Other possibilities are allowed in three dimensions, for wave propagation, that expand the limited class of plane waves. For instance, a point-like source may generate spherical waves, invariant under general rotations around the origin. Such waves are solutions of the spherically symmetric wave equation, i.e. a special case of Eq. (2.94),

$$\begin{aligned} \frac{\partial ^2 {\psi (r,t)}}{\partial {t}^2} = \frac{c^2}{r^2}\, \frac{\partial {}}{\partial {r}} \left[ r^2\, \frac{\partial {\psi (r,t)}}{\partial {r}} \right] \; , \end{aligned}$$
(2.100)

where \(r=|\mathbf {x}|\) is the spherical radial coordinate.

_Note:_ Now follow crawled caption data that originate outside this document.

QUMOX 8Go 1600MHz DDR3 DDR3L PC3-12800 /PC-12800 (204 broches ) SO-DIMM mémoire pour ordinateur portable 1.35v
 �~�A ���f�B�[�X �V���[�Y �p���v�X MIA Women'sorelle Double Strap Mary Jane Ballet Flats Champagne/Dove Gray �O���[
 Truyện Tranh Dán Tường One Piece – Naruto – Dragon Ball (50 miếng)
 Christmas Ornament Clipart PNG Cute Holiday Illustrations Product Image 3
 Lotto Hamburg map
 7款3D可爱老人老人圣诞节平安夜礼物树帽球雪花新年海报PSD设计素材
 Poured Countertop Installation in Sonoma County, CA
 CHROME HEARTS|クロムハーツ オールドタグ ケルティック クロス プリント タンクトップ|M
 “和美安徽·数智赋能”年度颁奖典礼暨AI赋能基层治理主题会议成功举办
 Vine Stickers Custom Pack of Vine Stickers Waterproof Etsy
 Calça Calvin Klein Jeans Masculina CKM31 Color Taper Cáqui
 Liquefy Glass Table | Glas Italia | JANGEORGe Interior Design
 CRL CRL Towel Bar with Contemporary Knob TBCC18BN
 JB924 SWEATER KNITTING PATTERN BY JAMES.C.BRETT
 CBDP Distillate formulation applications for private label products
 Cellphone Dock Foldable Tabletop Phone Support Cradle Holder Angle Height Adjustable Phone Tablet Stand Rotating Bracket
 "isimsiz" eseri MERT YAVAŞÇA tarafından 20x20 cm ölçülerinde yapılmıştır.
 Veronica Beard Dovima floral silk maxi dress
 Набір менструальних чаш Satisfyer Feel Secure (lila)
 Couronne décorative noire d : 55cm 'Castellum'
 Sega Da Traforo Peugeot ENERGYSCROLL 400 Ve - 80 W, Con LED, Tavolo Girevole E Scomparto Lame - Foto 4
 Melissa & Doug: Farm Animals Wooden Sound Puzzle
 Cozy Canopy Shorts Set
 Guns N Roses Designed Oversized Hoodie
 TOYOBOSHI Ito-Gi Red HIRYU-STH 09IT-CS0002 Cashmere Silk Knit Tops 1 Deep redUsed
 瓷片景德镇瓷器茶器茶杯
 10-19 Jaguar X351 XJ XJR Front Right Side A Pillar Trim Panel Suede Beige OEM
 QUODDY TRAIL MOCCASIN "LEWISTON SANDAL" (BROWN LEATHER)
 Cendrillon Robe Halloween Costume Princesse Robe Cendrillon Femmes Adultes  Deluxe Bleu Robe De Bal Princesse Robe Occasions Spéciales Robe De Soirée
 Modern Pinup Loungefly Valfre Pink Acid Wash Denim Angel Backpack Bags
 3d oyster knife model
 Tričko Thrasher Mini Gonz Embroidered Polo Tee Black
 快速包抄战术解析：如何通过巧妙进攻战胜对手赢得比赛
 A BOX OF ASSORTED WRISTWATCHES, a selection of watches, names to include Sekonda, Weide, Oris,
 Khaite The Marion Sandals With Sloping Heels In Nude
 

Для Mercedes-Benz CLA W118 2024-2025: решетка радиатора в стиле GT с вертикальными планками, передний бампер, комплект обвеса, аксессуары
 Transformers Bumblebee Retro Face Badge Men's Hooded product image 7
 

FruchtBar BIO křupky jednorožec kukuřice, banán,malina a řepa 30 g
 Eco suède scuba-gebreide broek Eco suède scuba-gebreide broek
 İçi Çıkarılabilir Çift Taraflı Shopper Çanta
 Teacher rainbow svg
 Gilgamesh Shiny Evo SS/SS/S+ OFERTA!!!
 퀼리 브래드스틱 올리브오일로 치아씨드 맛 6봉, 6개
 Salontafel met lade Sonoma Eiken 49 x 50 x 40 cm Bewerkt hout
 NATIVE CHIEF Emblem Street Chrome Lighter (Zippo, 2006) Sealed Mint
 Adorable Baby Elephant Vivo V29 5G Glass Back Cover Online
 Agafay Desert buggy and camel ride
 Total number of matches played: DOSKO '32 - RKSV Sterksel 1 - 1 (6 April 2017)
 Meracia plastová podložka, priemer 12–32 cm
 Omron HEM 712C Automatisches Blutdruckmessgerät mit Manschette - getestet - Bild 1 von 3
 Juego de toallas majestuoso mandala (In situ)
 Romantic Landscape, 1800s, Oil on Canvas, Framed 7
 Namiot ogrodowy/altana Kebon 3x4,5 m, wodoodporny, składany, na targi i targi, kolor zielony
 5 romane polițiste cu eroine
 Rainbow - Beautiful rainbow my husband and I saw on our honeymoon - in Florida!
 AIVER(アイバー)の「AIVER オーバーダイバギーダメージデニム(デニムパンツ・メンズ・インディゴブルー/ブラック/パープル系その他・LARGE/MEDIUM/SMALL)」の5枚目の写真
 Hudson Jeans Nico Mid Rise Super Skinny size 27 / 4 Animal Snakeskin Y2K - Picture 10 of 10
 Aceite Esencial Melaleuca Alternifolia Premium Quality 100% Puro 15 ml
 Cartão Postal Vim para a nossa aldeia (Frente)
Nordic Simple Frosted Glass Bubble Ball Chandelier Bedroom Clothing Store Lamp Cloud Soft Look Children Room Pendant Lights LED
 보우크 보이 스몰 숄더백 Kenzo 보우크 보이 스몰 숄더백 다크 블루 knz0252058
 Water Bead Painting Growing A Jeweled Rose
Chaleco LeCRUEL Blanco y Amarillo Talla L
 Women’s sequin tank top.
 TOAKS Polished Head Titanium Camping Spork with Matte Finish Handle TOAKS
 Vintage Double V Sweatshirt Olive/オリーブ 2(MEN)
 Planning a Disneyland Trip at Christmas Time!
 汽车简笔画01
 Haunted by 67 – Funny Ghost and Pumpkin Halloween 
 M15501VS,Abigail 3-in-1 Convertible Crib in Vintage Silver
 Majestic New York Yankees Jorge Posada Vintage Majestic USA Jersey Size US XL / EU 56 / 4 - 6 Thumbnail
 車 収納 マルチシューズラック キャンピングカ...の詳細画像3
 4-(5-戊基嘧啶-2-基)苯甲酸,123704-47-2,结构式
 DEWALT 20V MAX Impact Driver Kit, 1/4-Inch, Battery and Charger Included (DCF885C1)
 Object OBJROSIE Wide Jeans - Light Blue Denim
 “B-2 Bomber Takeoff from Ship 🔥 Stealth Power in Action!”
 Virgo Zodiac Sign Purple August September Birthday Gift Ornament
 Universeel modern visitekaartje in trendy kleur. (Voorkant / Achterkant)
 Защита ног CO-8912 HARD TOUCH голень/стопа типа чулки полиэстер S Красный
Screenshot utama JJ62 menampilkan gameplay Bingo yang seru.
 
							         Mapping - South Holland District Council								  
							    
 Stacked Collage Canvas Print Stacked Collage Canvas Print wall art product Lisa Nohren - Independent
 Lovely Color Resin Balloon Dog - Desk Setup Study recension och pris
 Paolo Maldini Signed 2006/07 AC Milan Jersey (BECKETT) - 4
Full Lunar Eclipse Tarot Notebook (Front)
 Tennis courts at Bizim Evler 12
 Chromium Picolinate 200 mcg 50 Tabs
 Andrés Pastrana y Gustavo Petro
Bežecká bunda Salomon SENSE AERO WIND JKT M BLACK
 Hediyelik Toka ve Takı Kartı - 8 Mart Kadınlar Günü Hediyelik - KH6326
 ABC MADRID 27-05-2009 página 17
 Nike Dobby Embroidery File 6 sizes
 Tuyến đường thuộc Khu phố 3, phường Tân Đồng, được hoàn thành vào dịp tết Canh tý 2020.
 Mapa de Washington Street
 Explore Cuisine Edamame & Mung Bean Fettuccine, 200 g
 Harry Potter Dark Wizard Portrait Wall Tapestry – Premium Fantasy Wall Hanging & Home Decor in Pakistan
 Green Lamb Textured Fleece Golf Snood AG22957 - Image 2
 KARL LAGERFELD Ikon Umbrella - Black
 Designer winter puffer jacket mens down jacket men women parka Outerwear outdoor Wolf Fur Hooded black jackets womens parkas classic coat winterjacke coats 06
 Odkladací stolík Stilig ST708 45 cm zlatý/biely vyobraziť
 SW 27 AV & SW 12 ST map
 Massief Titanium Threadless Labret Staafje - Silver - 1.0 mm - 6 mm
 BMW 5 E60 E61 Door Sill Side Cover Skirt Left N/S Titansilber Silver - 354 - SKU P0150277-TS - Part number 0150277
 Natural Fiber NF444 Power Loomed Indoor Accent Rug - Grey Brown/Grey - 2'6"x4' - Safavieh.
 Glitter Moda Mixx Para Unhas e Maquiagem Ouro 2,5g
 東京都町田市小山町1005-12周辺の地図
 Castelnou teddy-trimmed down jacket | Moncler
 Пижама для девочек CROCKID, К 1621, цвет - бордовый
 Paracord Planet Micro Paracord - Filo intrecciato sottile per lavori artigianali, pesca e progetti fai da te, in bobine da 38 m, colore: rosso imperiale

Spherical normal modes are given by

$$\begin{aligned} \psi (r,t) = A \; \frac{\mathrm {e}^{\mathrm {i}\left( k r - \omega t \right) }}{r} \; , \end{aligned}$$
(2.101)

and they solve Eq. (2.100) provided that \(\omega = \pm \,k c\) and A is a constant. As for plane waves, given by Eqs. (2.69), (2.101) with a constant amplitude A defines the case of non-dispersive waves. Other partial differential equations might involve dispersive spherical waves, where A is time-dependent and \(\omega \) is a nonlinear function of k. Wave packets can be built up from the superposition of these more general, dispersive, spherical waves, so that we can write the analogous of Eqs. (2.71) and (2.72),

$$\begin{aligned} \psi (r,t) = \frac{1}{r}\ \sum _{k} B(k,t) \, \mathrm {e}^{\mathrm {i}\, [k r - \omega (k)\, t]} \; , \end{aligned}$$
(2.102)

and

$$\begin{aligned} \psi (r,t) = \frac{1}{r} \int \limits _{-\infty }^{\infty } b(k,t) \, \mathrm {e}^{\mathrm {i}\, [k r - \omega (k)\, t]} \, \mathrm {d}\, k \;, \end{aligned}$$
(2.103)

respectively, where Eq. (2.103) is relative to a case where k spans continuously the whole real axis.